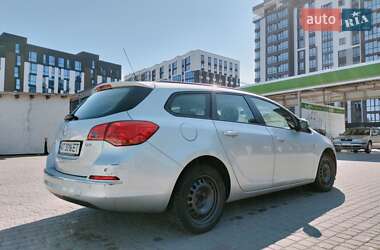 Универсал Opel Astra 2012 в 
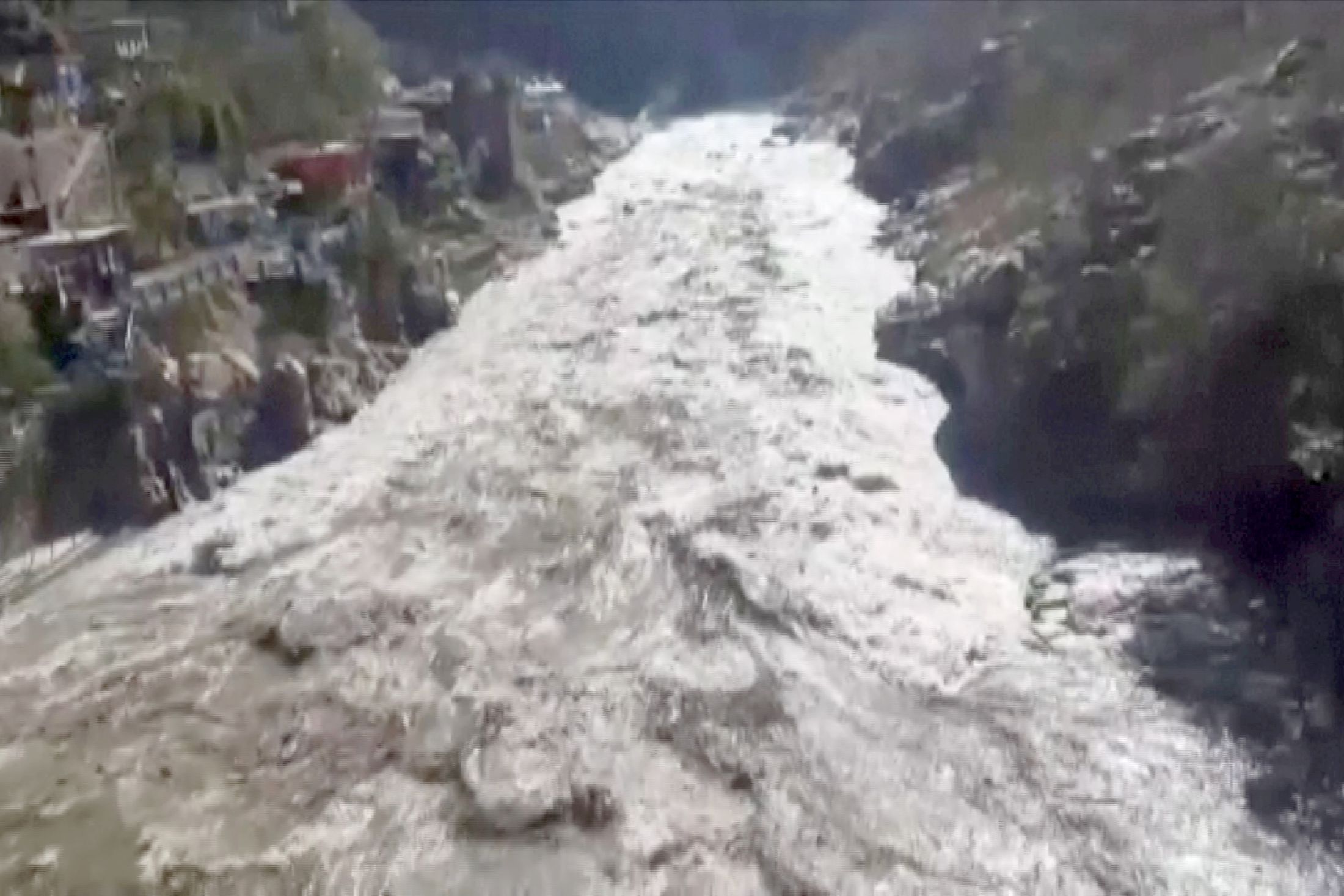 лавина в индии 2022. лавина в индии. гульмарг кашмир. лавина в австрии 1999. снежные лавины в россии.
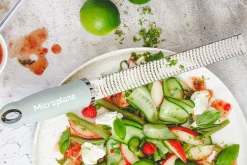 Râpe-zesteur Microplane Premium Classic Vert Sauge - 20,3cm
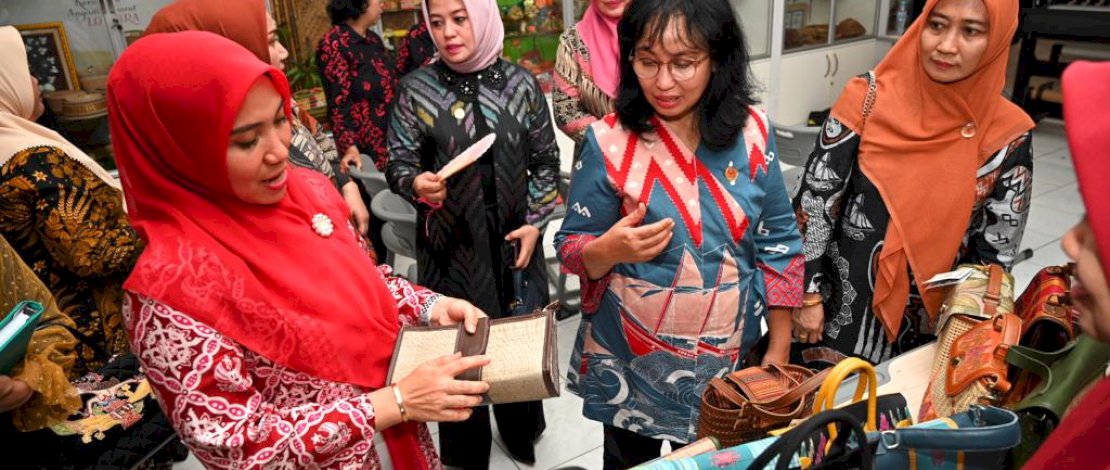 Penjabat (Pj) Ketua TP PKK Provinsi Sulawesi Selatan (Sulsel), Sofha Marwah Bahtiar, melakukan Silaturahmi dengan Pengurus Dekranasda di Gedung Kantor Dekranasda, Jalan Jenderal Sudirman, Kamis, 7 September 2023. Penjabat (Pj) Ketua TP PKK Provinsi Sulawesi Selatan (Sulsel), Sofha Marwah Bahtiar, melakukan Silaturahmi dengan Pengurus Dekranasda di Gedung Kantor Dekranasda, Jalan Jenderal Sudirman, Kamis, 7 September 2023.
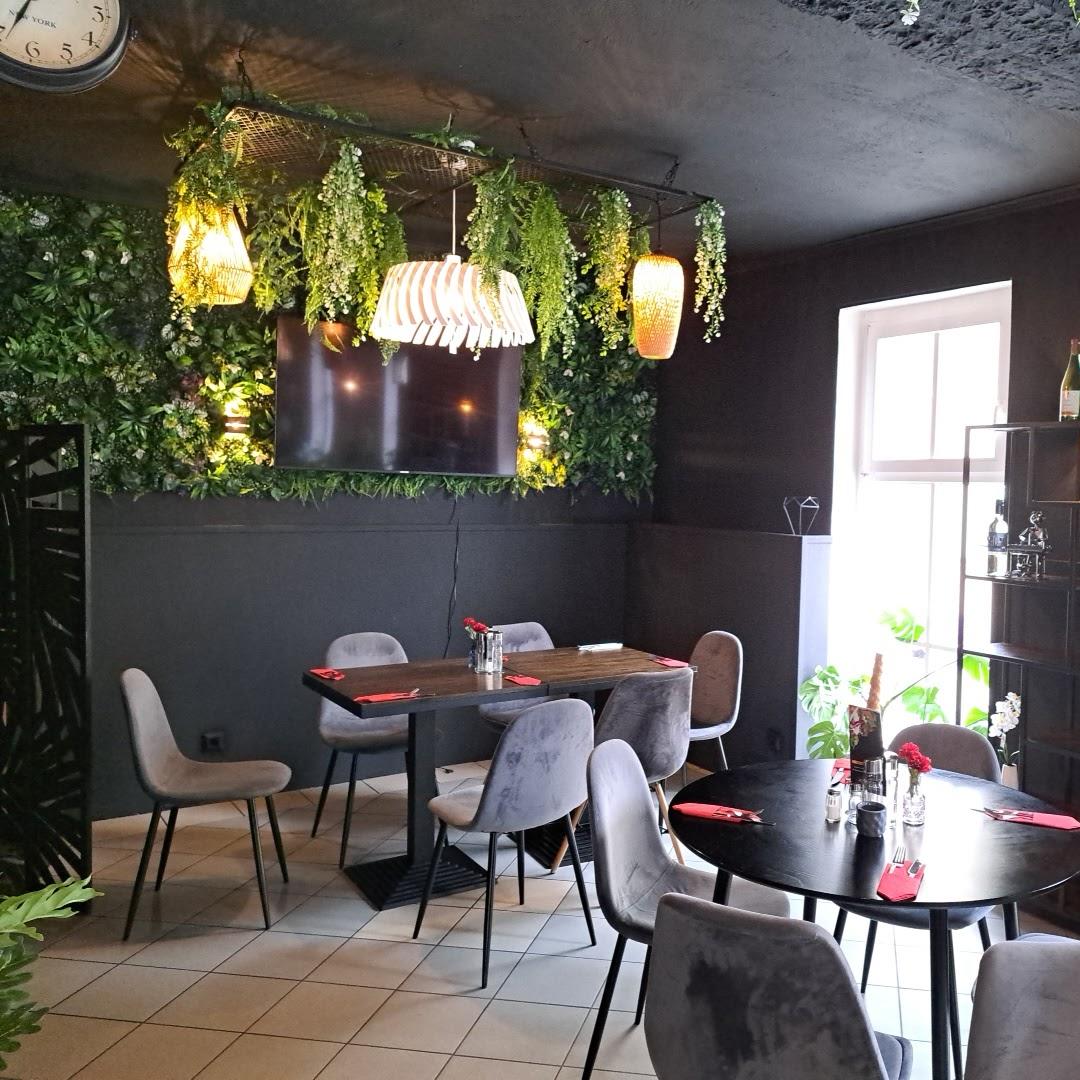 Restaurant "Divan Restaurant Cafe" in Bad Windsheim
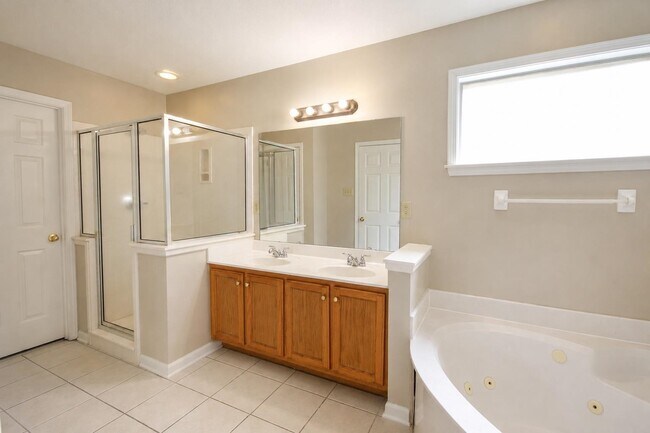 Building Photo - 20 Country Brook Dr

★ ★ ★ ★

• _INSTRUCTIONS TO FOLLOW_
What are the lines in the records above, word for word, from the one containing "Râpe-zesteur Microplane Premium" through the one containing "September 2023. Penjabat", both ends included and pictures left out?

• _TASK SOLUTION_
 Râpe-zesteur Microplane Premium Classic Vert Sauge - 20,3cm
 Penjabat (Pj) Ketua TP PKK Provinsi Sulawesi Selatan (Sulsel), Sofha Marwah Bahtiar, melakukan Silaturahmi dengan Pengurus Dekranasda di Gedung Kantor Dekranasda, Jalan Jenderal Sudirman, Kamis, 7 September 2023. Penjabat (Pj) Ketua TP PKK Provinsi Sulawesi Selatan (Sulsel), Sofha Marwah Bahtiar, melakukan Silaturahmi dengan Pengurus Dekranasda di Gedung Kantor Dekranasda, Jalan Jenderal Sudirman, Kamis, 7 September 2023.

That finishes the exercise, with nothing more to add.